Even after years of birding, I still struggle to identify the myriad of warblers that move through in the spring. Over 30 different species of warblers can be found in Minnesota and Wisconsin during the spring. They are small, fast, and often found in the dense understory or up in the canopy of trees, making the glimpses you catch of them rather fleeting. Many times, the 2-second flash of the bird you saw may be at a weird angle, like directly up above your head, which doesn’t make it any easier to ID these tricky birds. Until now! The Warbler Guide focuses only on these small, elusive, hard to ID birds, providing all the info, sounds, and weird angle pictures you could want to reference!

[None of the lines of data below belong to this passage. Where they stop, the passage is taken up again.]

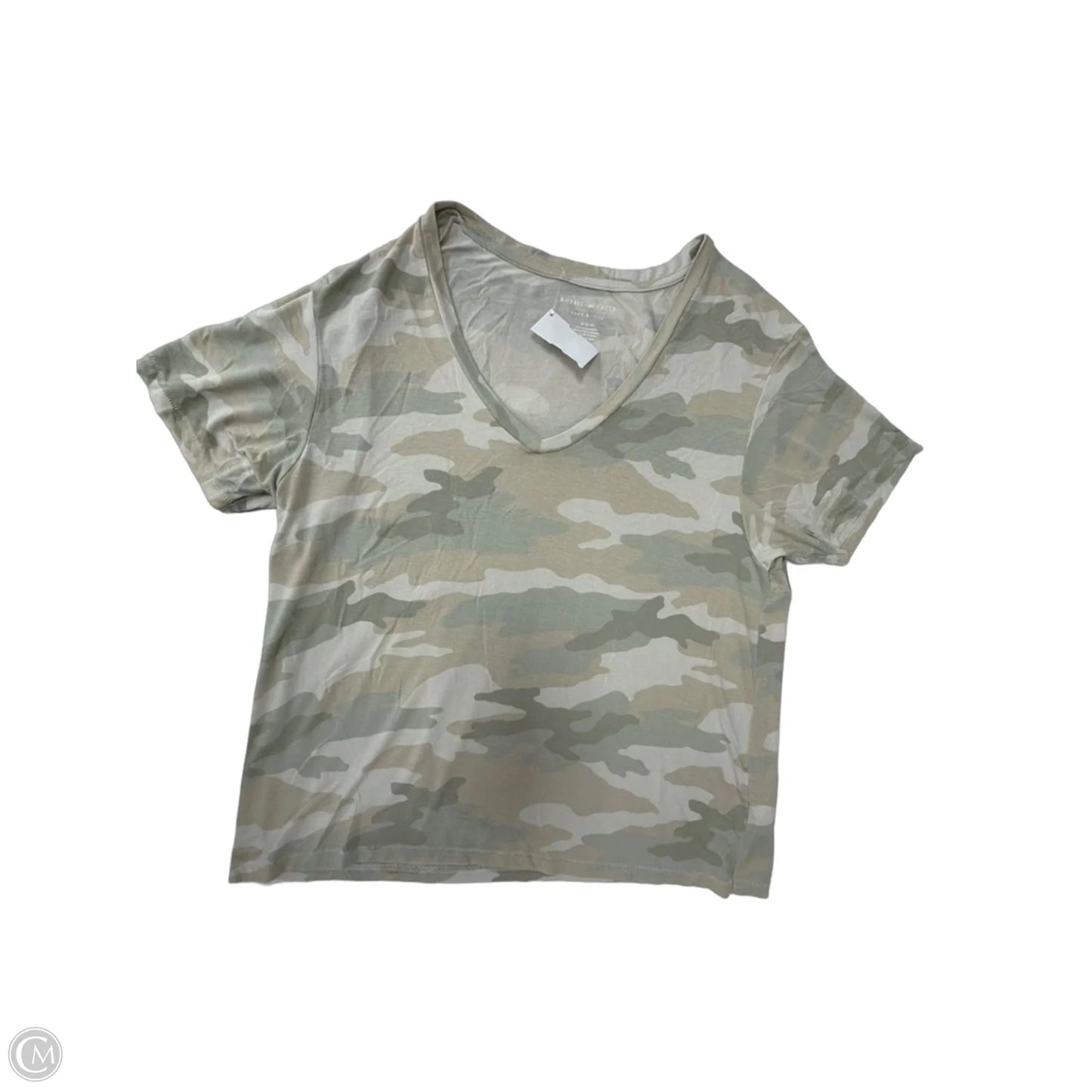 Top Short Sleeve By American Eagle In Camouflage Print, Size: M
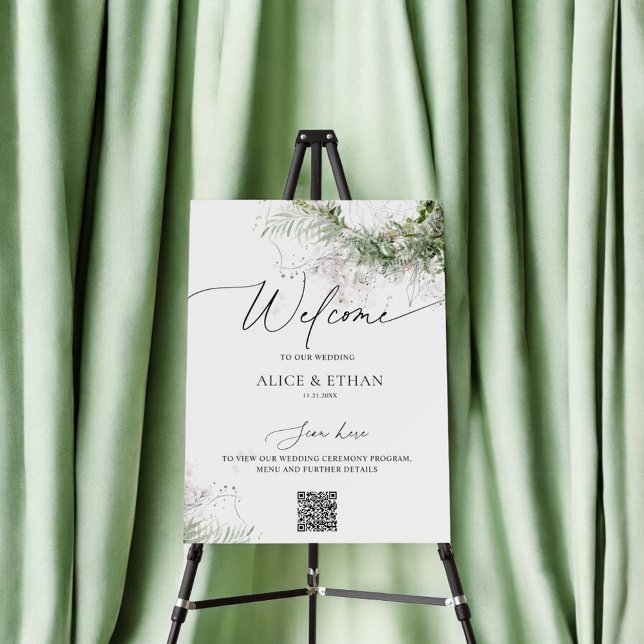 Boho Greenery Welcome Sign QR Code (Creator Uploaded)
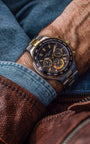 Filippo Loreti Ascari Monza Two Tone Black Gold Steel Watch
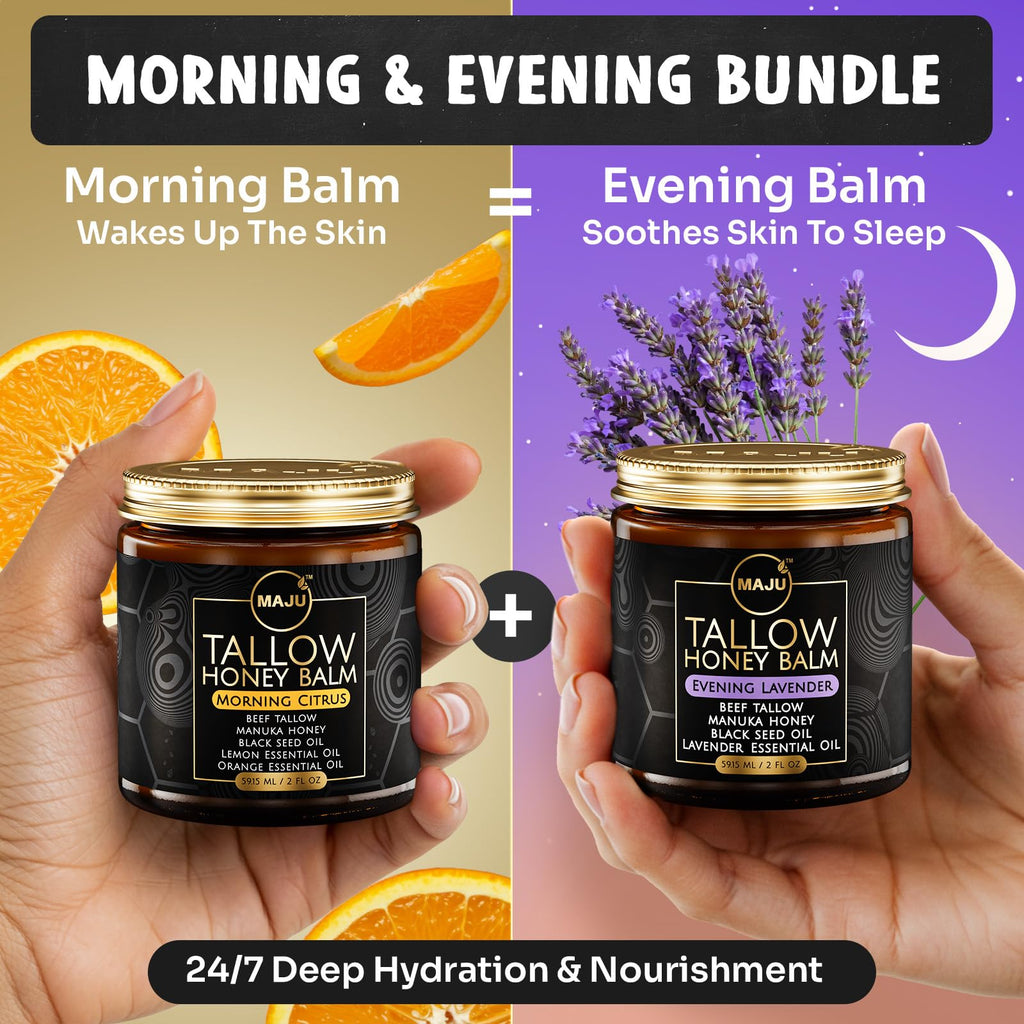 MAJU Tallow Honey Balm, Evening Lavender | Nighttime Grass-Fed Tallow Moisturizer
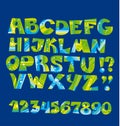 Bright childish style letter set in nature colors.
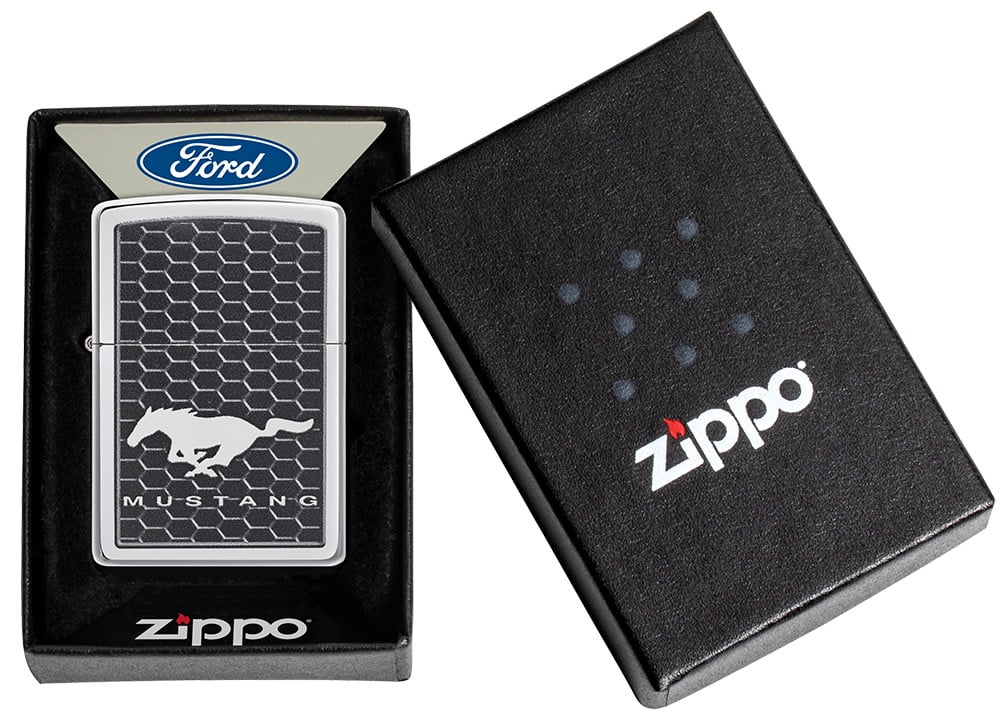 Zippo Ford Mustang High Polish Chrome Pocket Lighter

The other aspect of birding I continue to struggle with is identifying birds by their calls. I would guess I can ID about 20 with certainty, and that may be generous. I’m just not good at birding by ear.  That’s where the Song Sleuth app comes in! All you have to do is record the bird song using the app and it will pull up a list of possible birds. Listen and ID!  I haven’t used this app a ton yet, but the few times I have, I’ve been very impressed! I can’t tell you how many hours I’ve spent, stumped over a particular bird noise, unable to give up until I found the culprit. I’m looking forward to using this app the next time I’m going crazy from auditory curiosity. Bird Song Hero, which also offers a visual component, is another great way to study bird sounds.

bird song hero

Lastly, when you start feeling comfortable with your bird identification skills, start sharing your finds! There are numerous citizen science programs that allow you to log your observations in order to help scientists from all over the world. FeederWatch is a fun program for the winter months (though this program does have a small participation fee) and NestWatch is great during the summer.  You can also submit your observations on iNaturalist or eBird, either on a computer or through their apps. “eBird transforms your bird sightings into science and conservation. Plan trips, find birds, track your lists, explore range maps and bird migration—all free.” It is pretty amazing what scientists have discovered from observations of citizen scientists. My favorite thing to come from eBird are the amazing abundance animation maps, like this one for the Yellow Warbler, which is a stunning visual migration tool, plus it let’s you know when to expect a bird to return to your area!! The more information we have on birds, the easier it is for us to help them through conservation efforts.


A fun FOY for me! Birders tend to get excited about a “First of the Year” sighting! Palm Warbler. 4/27/20.

Your first chance to help the birds through submitting your observation is fast approaching! Saturday, May 9th, is Global Big Day – a day to celebrate, enjoy, and find birds near you. It’s simple. 1 – Make a free eBird account. 2 – Go outside. 3 – Record all the birds you see. 4 –  Submit your observations. 5 – Enjoy the birds and feel great knowing you helped conservation efforts around the world!  I hope that you’ll find as much joy in getting out in nature to find birds as I do!